Data was downloaded manually from https://dane.imgw.pl/ and I stored them in 'data-raw' folder. Here are the dimensions of obtained data frame:
## [1] 140256 107
The data set contained over 140000 rows and 107 columns. Unfortunately tables did not contain column names, so I needed to enter them manually ( I will skip that ugly part).
This is all about temperature so let's select the right columns and translate them to English.
naniar package is nice for missing data visualization.
And this is great as we have a complete data set! Let's explore it further.

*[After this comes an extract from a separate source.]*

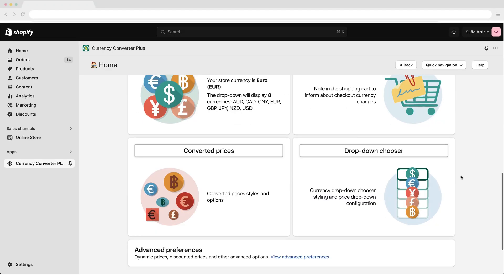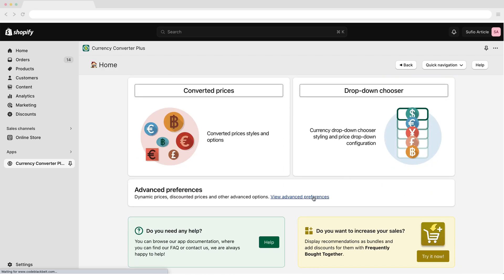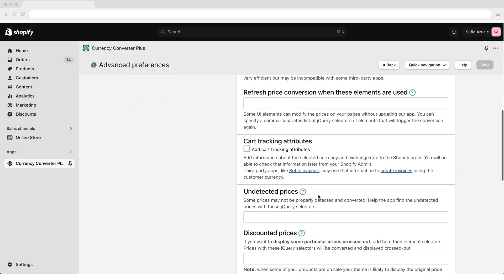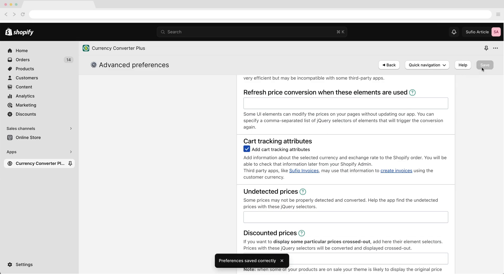Open the application's Advanced Preferences page. In the Card Tracking Attributes section, check the Add Card Tracking Attributes checkbox. Save your changes. Invoices will now be automatically created and sent to customers in the currency they use to browse your online store.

That's quite interesting. We see a bimodal distribution across most of the years (summer and winter? what about spring and autumn? do we still have 4 seasons?). 2012 looks like it had the most moderate temperatures as it is flat at the top. Anyway, let's split it by seasons. Let's assume that winter is 21-Dec - 20 Mar, spring 21-Mar - 20 Jun, summer 21-Jun - 20-Sept, Autumn 21-Sept - 20-Dec
It looks like summer is the most stable season. There is a lot of variation in other seasons across the years. How it will look like when we split it by year: Red vertical line indicates the median values per season of each year.
It's difficult to see the trend on the charts above. Let's plot median values for each season each year: Yep, the median temperature of all the seasons generally increases in time. Here is the plot with all data points for reference and a boxplot:
## Loading required package: grid
The way to check which season temperature is increasing faster is to compare betas (slope angle) of linear model. Here are the betas for each season: Winter and spring are warming at the fastest pace. Around 0.16 and 0.15 degrees of Celcius per year. Autumn is the most stable but still warming.